I’ve been scraping Coles and Woolworths prices daily for the past two months. What started as a simple “which store is cheaper?” comparison has grown into something more interesting — a price intelligence system with 118,000+ data points across 10,000 products. Here’s what I learned building it, and the patterns that emerged from the data.

The Problem with Grocery Price Comparisons

Most price comparison apps solve the wrong problem. They tell you today’s price at Store A vs Store B. Useful, but shallow.

The real questions shoppers should ask are:

  1. Is this actually a sale? Or did the retailer raise the price two weeks ago and “discount” it back?
  2. Is this product shrinking? Same price, smaller pack — the invisible price increase.
  3. When should I buy this?
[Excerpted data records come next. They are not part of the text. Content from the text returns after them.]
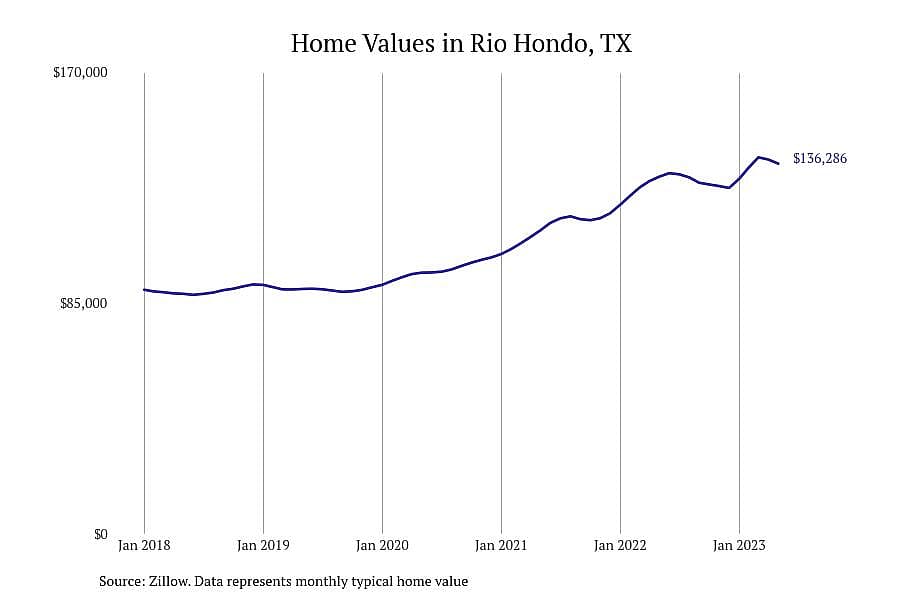 #10. Rio Hondo, TX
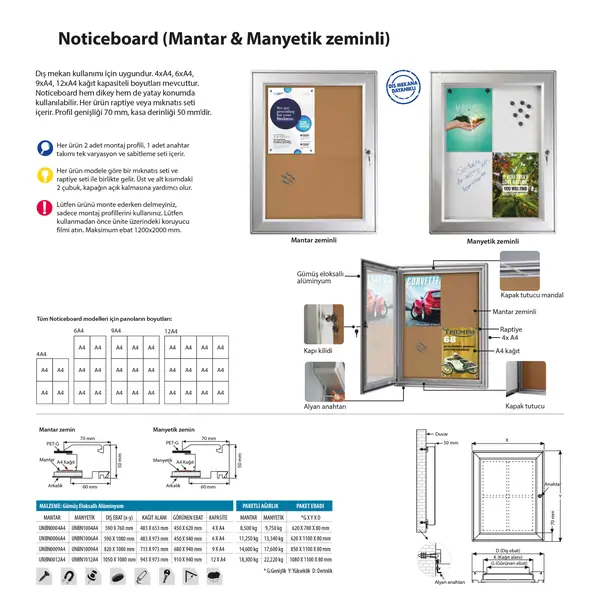 Noticeboard Mantar Ve Manyetik Zeminli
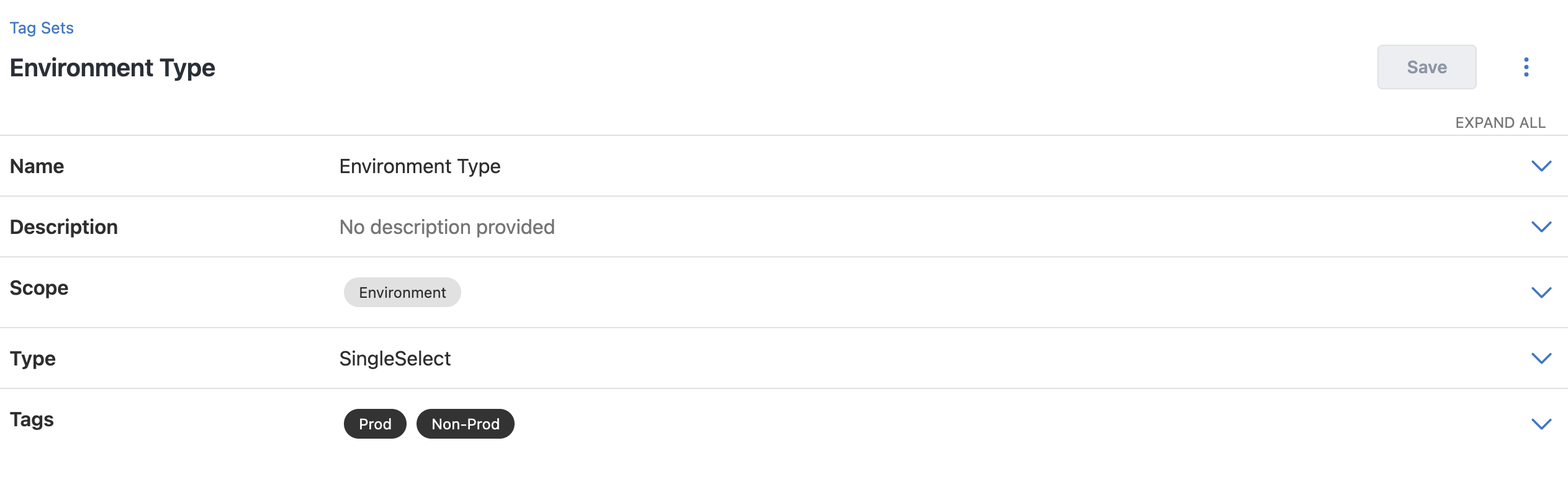 Screenshot showing list of tag sets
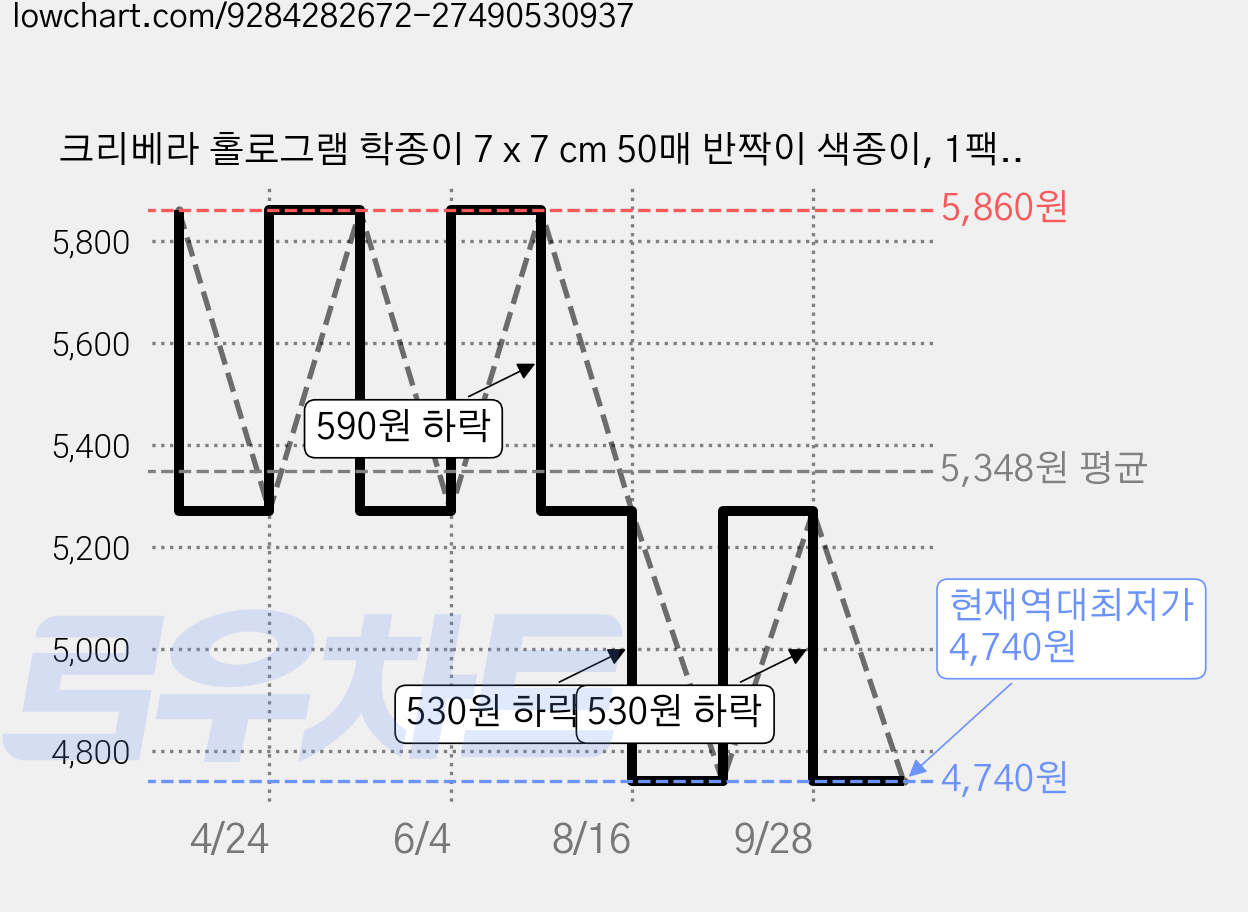 크리베라 홀로그램 학종이 7 x 7 cm 50매 반짝이 색종이, 1팩, 5색 가격 변동 차트, 현재가 4,740원, 역대최저가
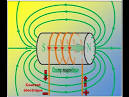 Formulaire electromagnetisme pdf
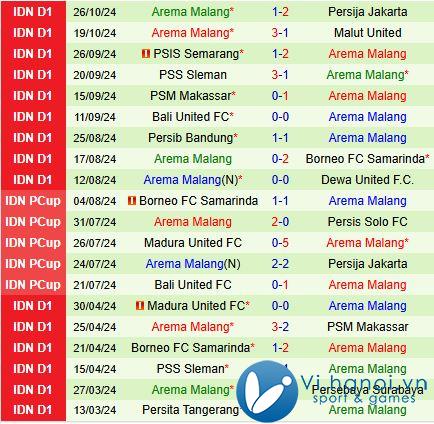 Nhận định Barito Putera vs Arema 3h30 chiều ngày 111 (Giải vô địch quốc gia Indonesia) 3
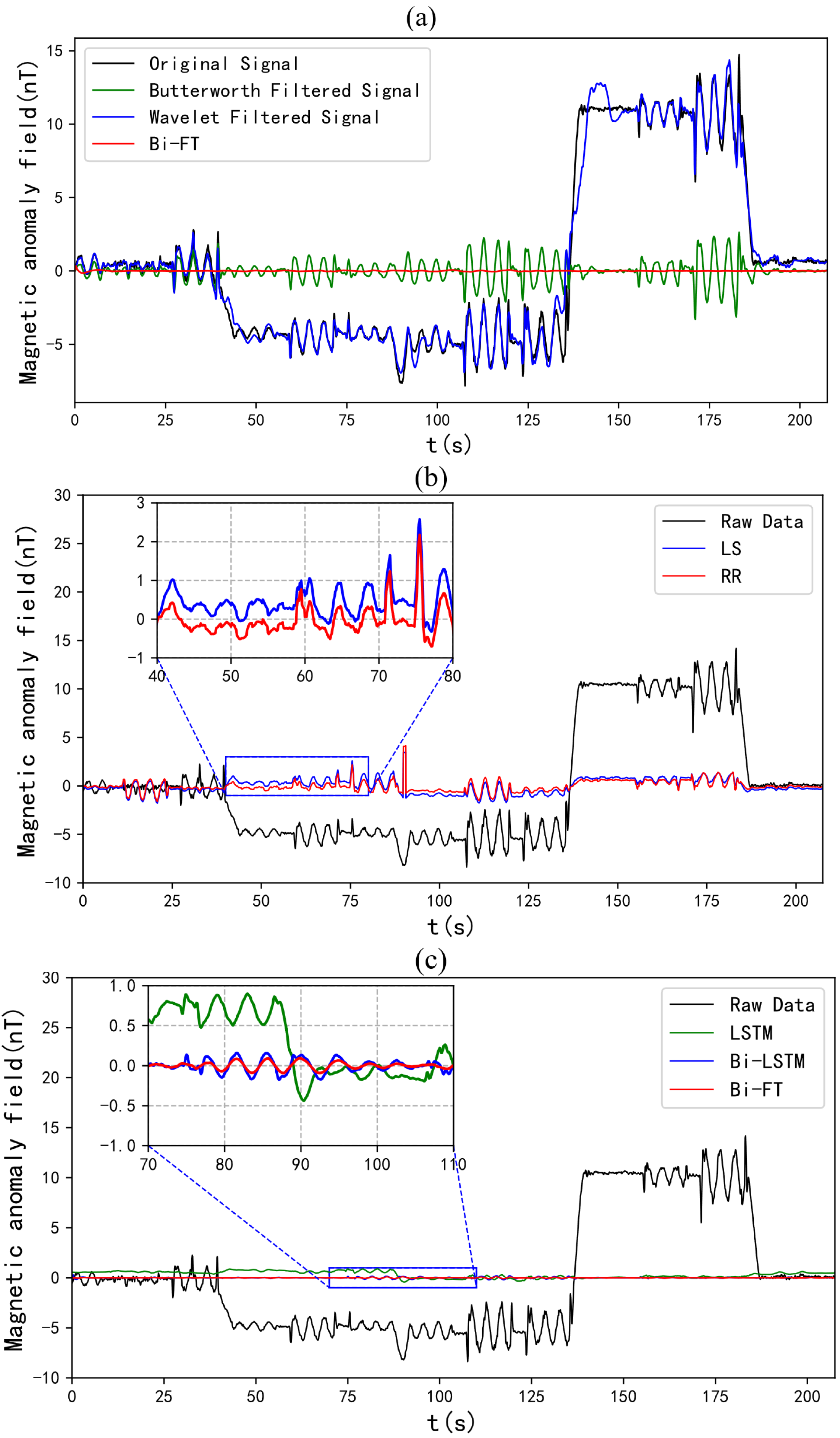 Sensors 25 05774 g009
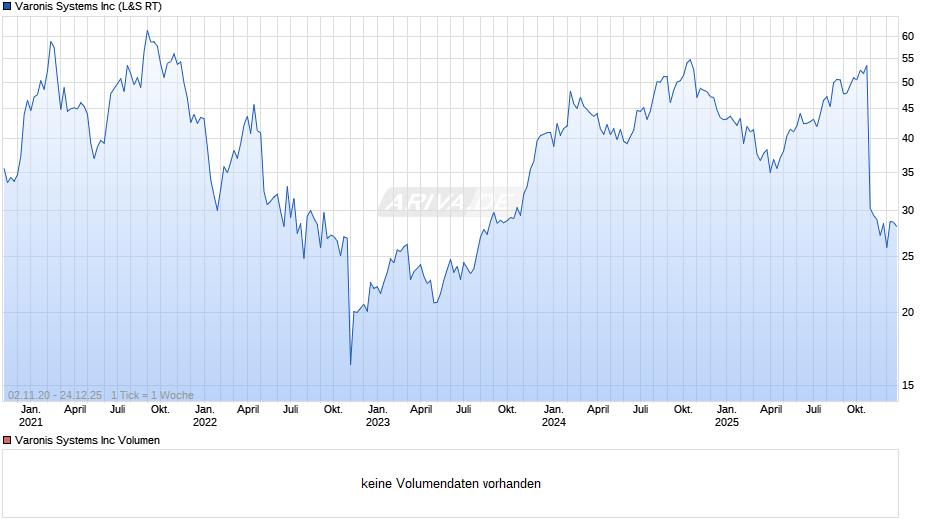 Varonis Systems Chart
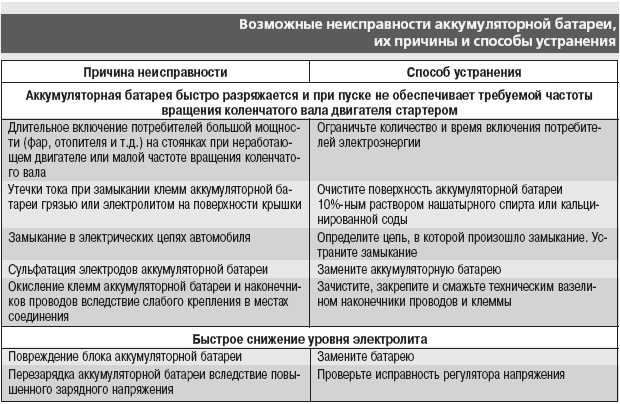 Неисправность аккумуляторной батареи на автомобиле Hyundai Accent MC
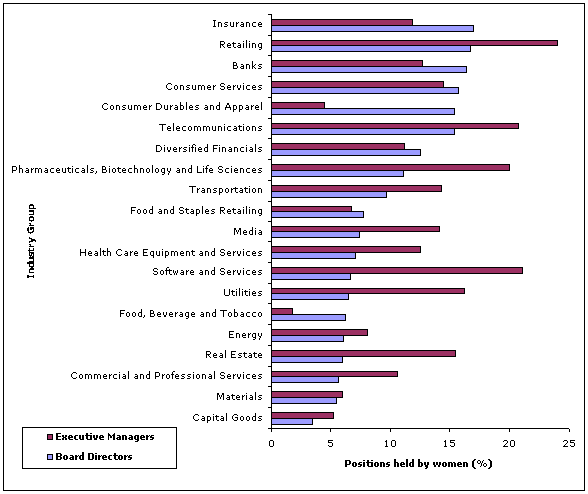 Figure 4.4: Female board directors and executive managers by industry group, 2008
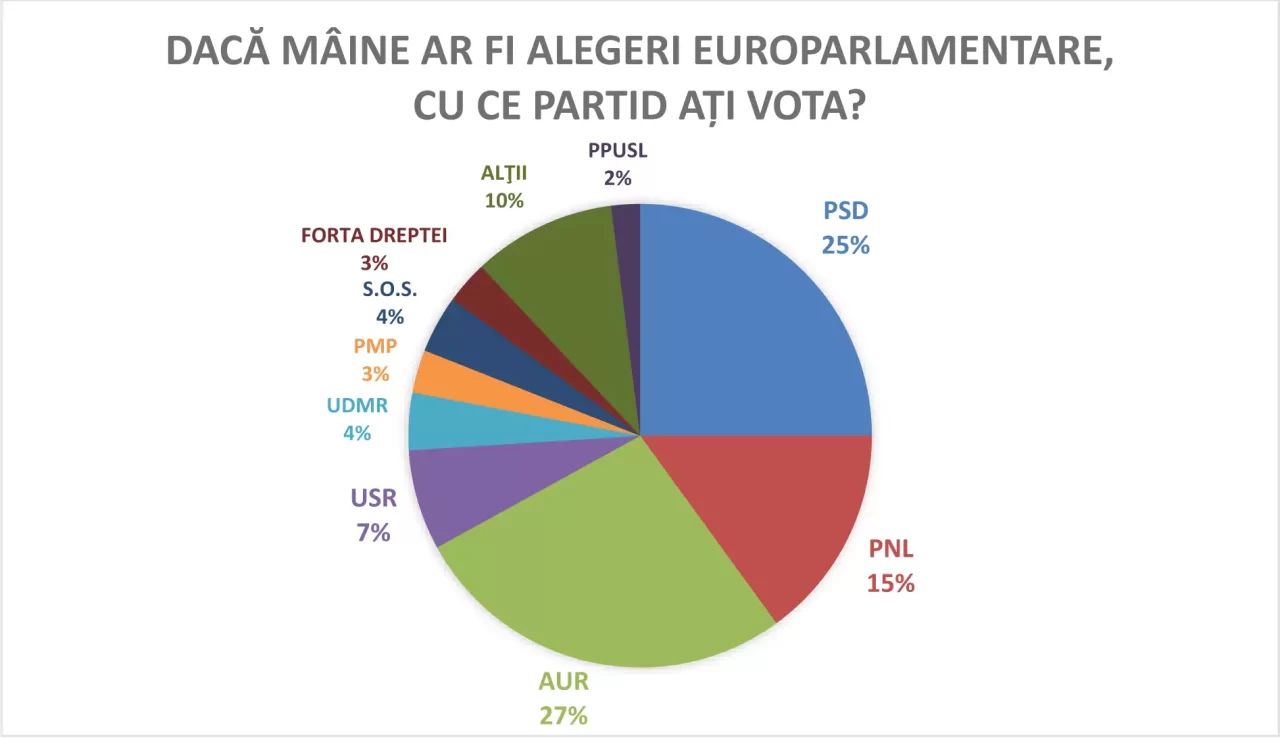 AUR, peste PSD la europarlamentare. Sondaj INSOMAR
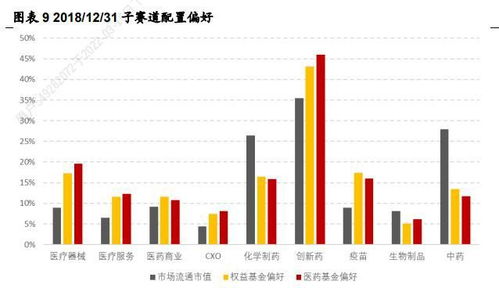 未来三年投资股票如何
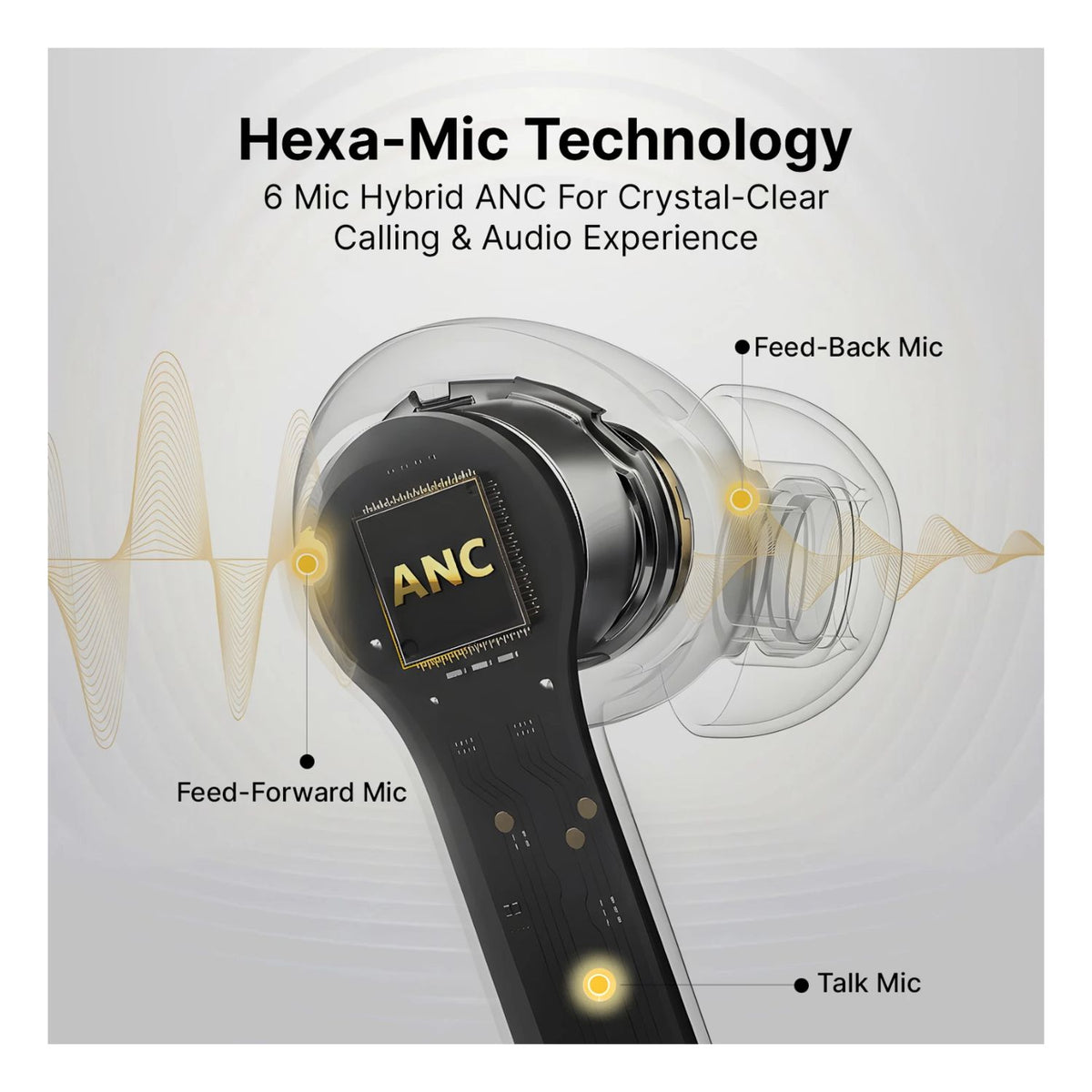 Novapods Pro Hexa Mic Technology 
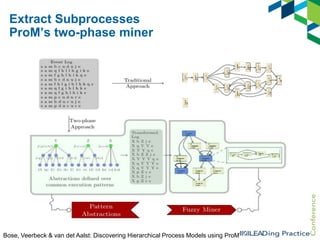 Extract Subprocesses
ProM’s two-phase miner

Bose, Veerbeck & van det Aalst: Discovering Hierarchical Process Models using ProM

 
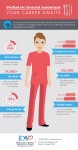 Pediatric Dental Assistant — Your Career Awaits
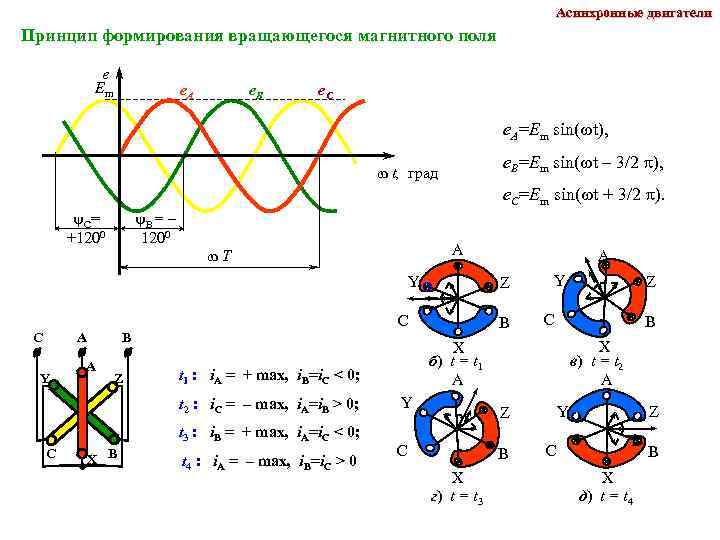 Асинхронные двигатели Принцип формирования вращающегося магнитного поля е Еm e. A e. B e.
Some products follow predictable discount cycles.
  4. What’s the long-term trend? Is this category getting more expensive faster than inflation?

Answering these requires historical data. And historical data requires patience — you can’t buy it, you have to collect it.

Architecture: Keep It Boring

The system is deliberately simple:

Daily cron job (6 AM, 6 PM)
    → Scrape product listings (requests + BeautifulSoup)
    → Normalize and deduplicate
    → Store in SQLite (one row per product per day per store)
    → Run analysis queries
    → Push alerts via messaging API

No Kafka. No Spark. No “data lake.” SQLite handles 118K rows without breaking a sweat, and the entire database fits in 50MB.

Schema Design

CREATE TABLE price_history (
    id INTEGER PRIMARY KEY,
    product_id TEXT NOT NULL,
    store TEXT NOT NULL,
    name TEXT NOT NULL,
    price_cents INTEGER NOT NULL,
    unit_price_cents INTEGER,
    pack_size TEXT,
    was_price_cents INTEGER,
    on_special BOOLEAN DEFAULT 0,
    scraped_at TEXT NOT NULL,
    UNIQUE(product_id, store, scraped_at)
);

CREATE INDEX idx_product_store ON price_history(product_id, store);
CREATE INDEX idx_scraped ON price_history(scraped_at);

The key insight: store was_price_cents separately. This is the retailer’s claimed “original” price — and comparing it against your own historical data reveals when it’s fiction.

Fake Sale Detection

This turned out to be the most interesting feature. The algorithm is simple:

def is_fake_sale(product_id: str, store: str, db) -> dict:
    """
    A sale is 'fake' if the 'was' price is higher than any price
    we've seen in the last 30 days before the sale started.
    """
    current = get_current_price(product_id, store, db)
    if not current.on_special or not current.was_price_cents:
        return {"fake": False, "reason": "not on special"}

    history = get_price_history(
        product_id, store, db,
        days=30, before=current.special_start_date
    )
    if not history:
        return {"fake": False, "reason": "insufficient history"}

    max_recent_price = max(h.price_cents for h in history)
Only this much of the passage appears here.